MIAMI (CBSMiami) – Florida's rate of new COVID-19 infections continues to climb sharply. For the second week in a row, Florida alone accounts for 20% of all new cases nationally.
With the release of its weekly numbers, the Florida Department of Health reports 73,199 new cases throughout the state, up more than 25,000 cases from the previous week.
There were also another 78 reported deaths, and the state's new case positivity rate stands at 15.1%, which is up from 11.5% from the previous week.
Despite Miami-Dade County's 76% vaccination rate, there were 11,104 newly reported cases last week and the county has a 10.1% new case positivity rate, up from 7.4%.
In Broward, the vaccination rate is 68%, but added 6,105 new cases last week and has a new case positivity rate of 10.9%, up from 8.1%.
Monroe County, with a 69% vaccination rate, added 123 new cases last week and has increased its positivity rate from 8.1% to 11.6%.
Florida's COVID-19 hospitalizations also jumped significantly this week.
About 5,300 Floridians are now hospitalized with COVID, a 65% jump since last week and nearly a tripling since June 14 when 1,845 were hospitalized, the Florida Hospital Association said. Officials have said more than 95% of those hospitalized were not vaccinated.
Gov. Ron DeSantis, who has been vaccinated, this week encouraged the remaining unvaccinated Floridians to get their shots.
Despite the recent surge, DeSantis said the state will not return to government mandates and it is up to individuals on how they deal with the pandemic.
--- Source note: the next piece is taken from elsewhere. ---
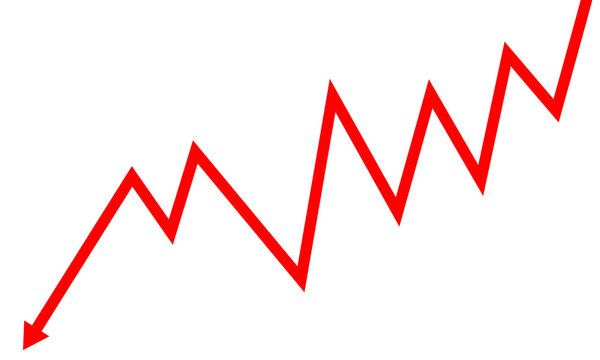 Red downward trending jagged arrow isolated on transparent background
"We have a situation where we have three vaccines that have been widely available for months and months now and people need to make decisions that are best for them," he said. "To have the government come in and to lock anyone down or restrict anyone is totally unacceptable."
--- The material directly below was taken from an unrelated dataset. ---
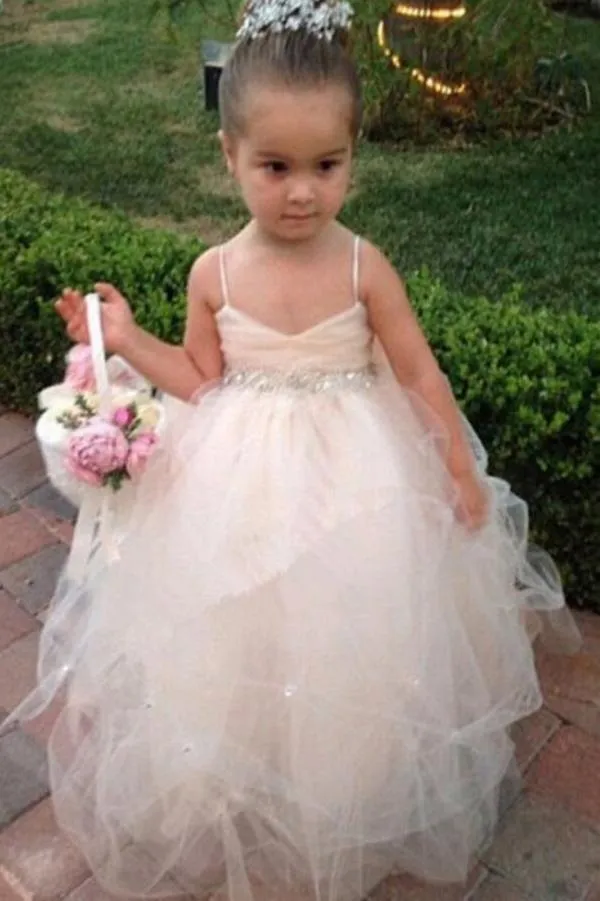 Princess Tulle Beading Spaghetti Straps Bowknot Flower Girl Dresses OHR006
Because of the new outbreak, several hospitals across South Florida and in other parts of the state are reinstituting visitation restrictions. Jackson Health, the state's largest provider, has barred visitors for most of its patients at its hospitals. Others are limiting visitors to one per patient.
Jackson said it had 143 COVID-19 patients this week compared with 66 in early July, a 117% increase.
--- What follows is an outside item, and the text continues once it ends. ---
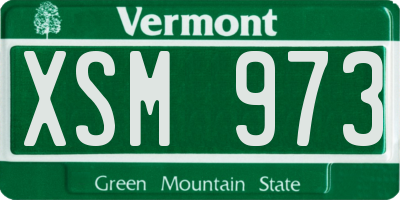 VT license plate XSM973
Dr. Lilian Abbo, head of Jackson's infectious disease prevention program, believes most of those becoming ill are infected with the delta variant as they are becoming sicker faster than with earlier strains of the coronavirus. They are also not seniors and other groups that were previously prevalent.
"We are seeing younger people in their 20s and 30s with not much risk factors -- not obese, not diabetic, coming in very sick," Abbo said. "Some of them requiring potential lung transplants."